Unabridged Chick

I'm Audra, a 30-something married lesbian. I love interesting heroines, gorgeous prose, place as character, and the occasional werewolf.

Banquet of Lies by Michelle Diener

Banquet of Lies - Michelle Diener

Michelle Diener is among my favorite historical novelists. I've read four of her five published novels and just adored them all -- and this one is no exception.

The novel opens in Stockholm, Sweden in February 1812. Giselle 'Gigi' Barrington is at a dinner party, explaining that while her father travels Europe documenting fairy tales and myths, she collects local recipes and, to the horror of the guest she's speaking with, makes them at home. ('With the servants?', gasps the woman.) After confirming she makes them only with her male chef, Gigi excuses herself to find her father -- and stumbles upon him being murdered.

Fleeing Stockholm with an important document, Gigi goes into hiding as a French chef to avoid being captured by her father's murderer. She takes employment with a young Lord, Jonathan Aldridge, a bachelor with a small household who lives near her childhood home. The chance to hide will give her, Gigi hopes, time to decide what to do with her father's secret document.

All this occurs in the first 50 pages; the remaining 300 pages are a mixture of sumptuous meals, amateur espionage, upstairs/downstairs shenanigans, and a little romance. I adored every page of it.

This book, as with Diener's other novels, features a heroine that charmed me from the first page. Competent without feeling anachronistically independent, Gigi is a heroine I loved to follow, and in this book, I was particularly captivated.

The narrative is speedy and warm -- I read this in about one day, unable and unwilling to put it down -- and despite a cast of about six players major players (Gigi, her employer, her downstairs colleagues, visiting nobles) I found it easy to keep track of everyone. Those sensitive to Mary Sue heroines might find Lord Aldridge's fascination with Gigi to be tiresome, but as I was equally enamored of her, it didn't bother me. I liked the romantic tension between them: they were technically peers but publicly of different classes.

Speaking of class, Diener manages that skillful balance of providing an entertaining story with an awareness of the social and cultural norms that shape and affect the story. As a woman of class and means, Gigi shouldn't be in her kitchen -- that's a job for the servants -- but it becomes a kind of twee game in the eyes of the ton if Gigi works with her male chef in recreating foreign recipes. That juxtaposition -- cooking as an art versus cooking as a kind of labor -- intrigued me and fans of cooking television will particularly enjoy this novel for that awareness.

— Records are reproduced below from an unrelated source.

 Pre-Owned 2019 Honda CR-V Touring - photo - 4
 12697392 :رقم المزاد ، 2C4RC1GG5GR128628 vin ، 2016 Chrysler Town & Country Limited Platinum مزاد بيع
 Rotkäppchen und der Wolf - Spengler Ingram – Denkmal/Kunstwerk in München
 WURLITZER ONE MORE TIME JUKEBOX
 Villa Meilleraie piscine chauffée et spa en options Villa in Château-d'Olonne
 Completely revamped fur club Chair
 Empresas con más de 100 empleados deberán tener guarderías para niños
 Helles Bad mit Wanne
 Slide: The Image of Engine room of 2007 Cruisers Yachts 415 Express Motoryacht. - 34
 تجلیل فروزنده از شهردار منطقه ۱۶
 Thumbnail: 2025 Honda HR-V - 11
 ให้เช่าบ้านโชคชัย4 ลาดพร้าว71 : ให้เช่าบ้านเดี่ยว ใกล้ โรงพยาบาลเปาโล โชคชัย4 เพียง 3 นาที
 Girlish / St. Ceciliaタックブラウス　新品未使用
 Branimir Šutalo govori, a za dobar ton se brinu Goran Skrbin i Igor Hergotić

Those who love Napoleonic-era romantic spy stories (I'm thinking Lauren Willig) will want to get this book as well as anyone who enjoys a good foodie novel. (Diener shares a number of the recipes from the novel, thankfully!) While there are some characters from The Emperor’s Conspiracy in this novel, it is in no way a sequel, and I enjoyed it without having read The Emperor’s Conspiracy. If you're new to Diener, get this book; if you're familiar with her, definitely pick this one up!